Çünkü hastaların dikkatini, içinde işlevselliği yalnızca bu kaslar tarafından desteklenen, ancak bir koşul altında - bu aynı kasların kasılması ve gevşemesi olan nörovasküler yolların bulunduğu vücuttaki kasların varlığına odaklıyorum. Yani, bu kaslar kuvvet egzersizleri yaptığında. Neden güç? Gerçek şu ki, beynin, karaciğerin, böbreklerin, kalbin hayati aktivitesi (ancak aktif yaşam değil ) için gerekli olan ana kan hacmi, aynı kalbin ve özel egzersizler olmaksızın solunum diyaframının çalışması sayesinde arterlerden otomatik olarak geçer . . Ancak 100.000 kilometrelik arter-venöz ağacın küçük ince dalları olan kılcal damarlar , kanı insan hayatını tehdit etmeyen diğer organ ve dokulara ulaştırır . Örneğin, bir kişi deforme olsa bile osteokondrozdan ölmez. Hayati aktivitesi keskin bir şekilde azalmasına rağmen . Artroz, artrit, bel fıtığı yani kas-iskelet patolojisinden ölmezler . Ancak omurganın yeterli hacimde eğilip bükülmesinin , eklemlerin yeterli hacimde dönmesinin imkansızlığı , fleksiyon, ekstansiyon, rotasyondan sorumlu kasları hareket modundan çıkarır . Bu kaslarda atrofi meydana gelir, yani genel dolaşım sistemini oluşturan bu kaslardan geçen damarların atrofisi meydana gelir . Gerçekten de, her damarın duvarında, yoğun bir hacimsel kan akışı ile vasküler duvarı geren ve böylece eğiten düz kas vardır . Ancak düz kasların, özellikle küçük damarların bu eğitimi bir durumda mümkündür: içlerinden kan pompalayan kaslarda yüksek bir gerilim yaratırken . Ve kan damarlarının esnekliği ve geçirgenliği, kasların kanı pompalamak için ne kadar enerjik çalıştığına bağlıdır . Bu gibi durumlarda , bir güç yükü ile tüm kas sistemi, yani derin - kısa, orta - orta ve yüzeysel - hacimli kaslar ve dolayısıyla bunlara geçen ve vücudun çevresini besleyen damarlar açılır . Bu, örneğin taç ve topuğu içeren uzuvların, omurların, vücudun kutuplarının eklemlerini ifade eder. Yani, büyük ve küçük kan dolaşımı halkaları açılır ve aktif olarak çalışır.
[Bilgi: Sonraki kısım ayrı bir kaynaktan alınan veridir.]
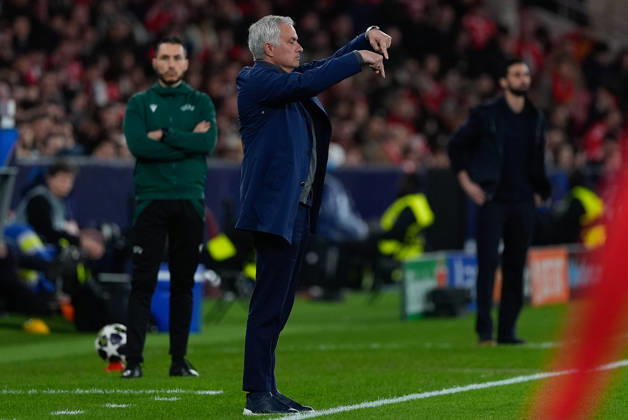 February 18, 2026, Lisbon, Portugal: Jose Mourinho, SL Benfica Coach, (C) and Alvaro Arbeloa, Real Madrid CF Coach, (R) in action during UEFA Champions League 2025 26 KO play-offs 1st leg between SL Benfica and Real Madrid CF at Estadio da Luz..Final score: SL Benfica 0:1 Real Madrid CF SL Benfica Vs Real Madrid CF In Lisbon, Portugal - 17 Feb 2026 - ZUMAs197 20260218_aaa_s197_390 Copyright: xBrunoxdexCarvalhox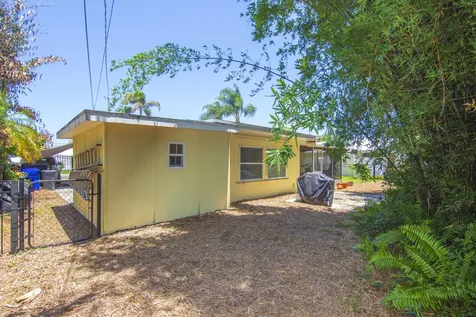 475 19th Place Vero Beach FL 32960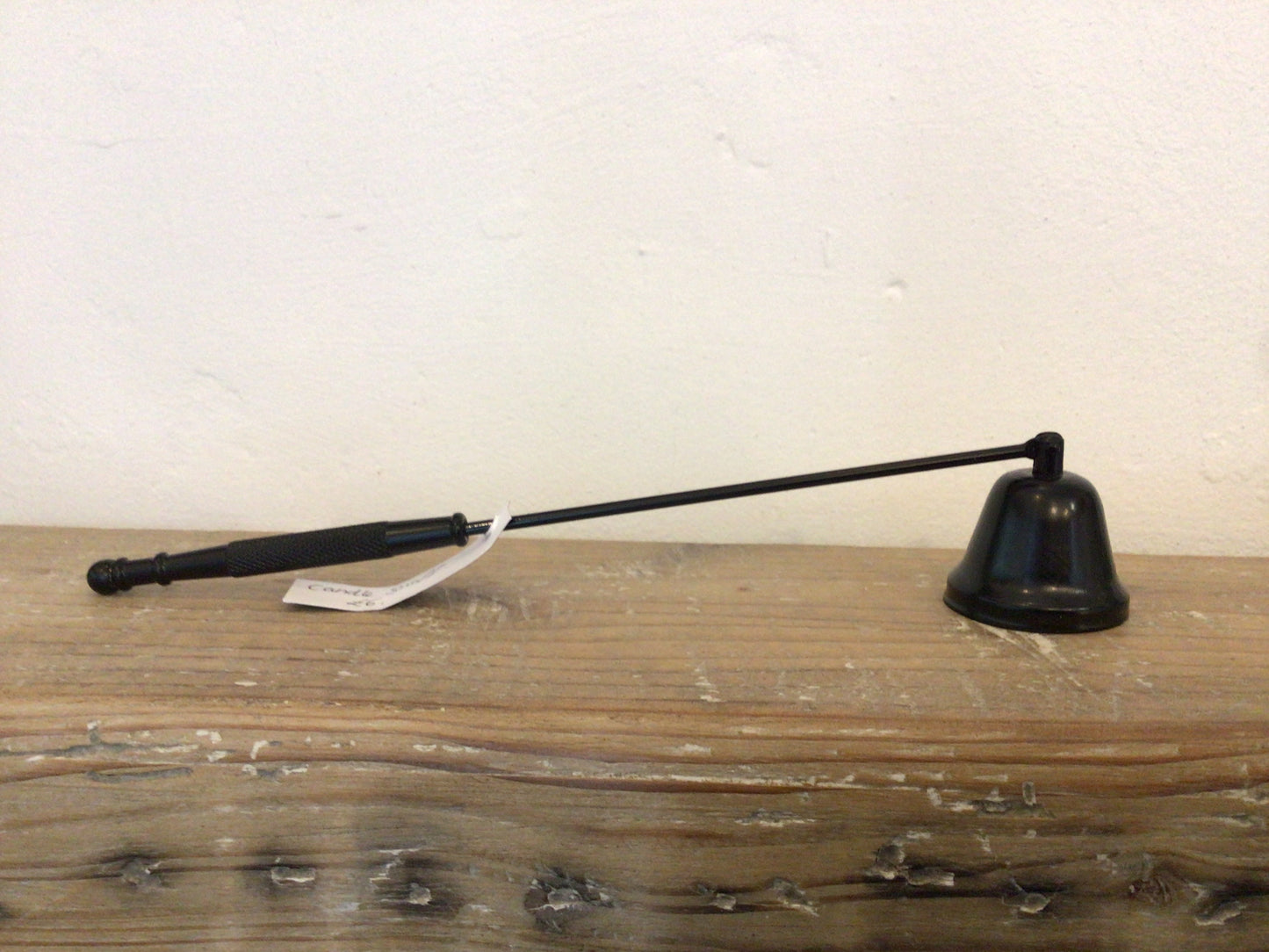 Flames of Beverly candle snuff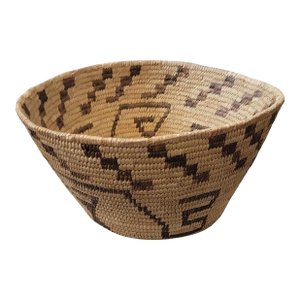 20Thc American Hand Made Geometric Basket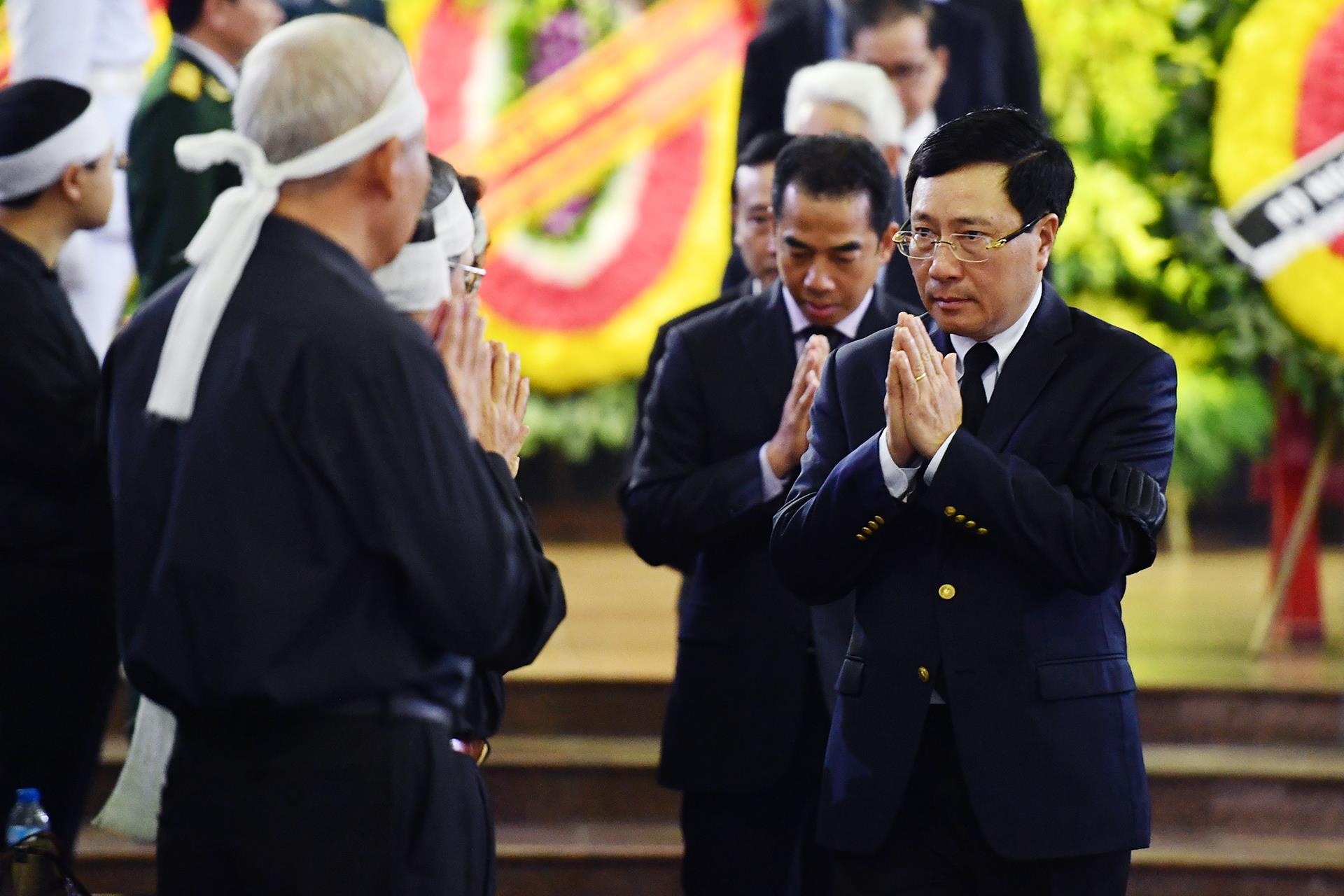 dam tang trung tuong Dong Sy Nguyen anh 8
Omurganın yeterli hacimde bükülüp bükülmemesi, eklemlerin yeterli hacimde dönmesi, fleksiyon, ekstansiyon, rotasyondan sorumlu kasları hareket modundan uzaklaştırır.

Bu tür kuvvet çalışmaları, haftada en az iki kez tüm kaslarla yapılmalıdır. Bu, yetersiz beslenme, hipoksi, iskemi ve distrofinin önlenmesini garanti eder. Ancak kaslar için böyle bir rejim oluşturulmazsa, önce zayıflar, sonra körelir ve böylece aklı ve kalbi iyi çalışan bir kişinin yavaş ölümüne katkıda bulunur. Kas çalışması yoluyla kan damarlarının önlenmesine dahil olmayan bu tür insanlar uzun ve acı verici bir şekilde ölürler.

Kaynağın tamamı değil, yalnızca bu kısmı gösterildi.